» TASK TO CARRY OUT:
Using the data below, print exactly the line with "Una foto de Tortillita de garbanzos y bacon", the line with "Apartamento à venda", and every line between them, but none of the pictures.

» PROVIDED DATA:
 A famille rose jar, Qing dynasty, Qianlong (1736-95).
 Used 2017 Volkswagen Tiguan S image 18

* * *

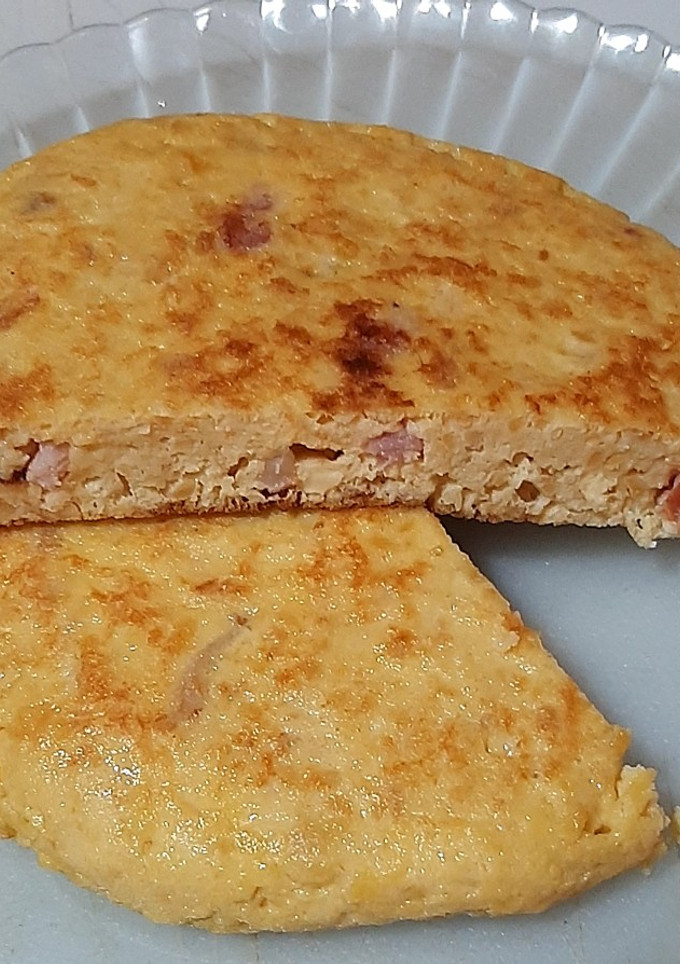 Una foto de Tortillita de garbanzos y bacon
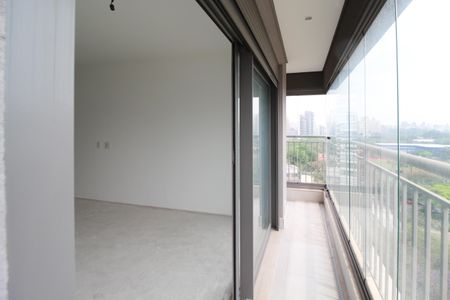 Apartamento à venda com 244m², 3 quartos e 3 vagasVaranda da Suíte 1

» EXERCISE SOLUTION:
 Una foto de Tortillita de garbanzos y bacon
 Apartamento à venda com 244m², 3 quartos e 3 vagasVaranda da Suíte 1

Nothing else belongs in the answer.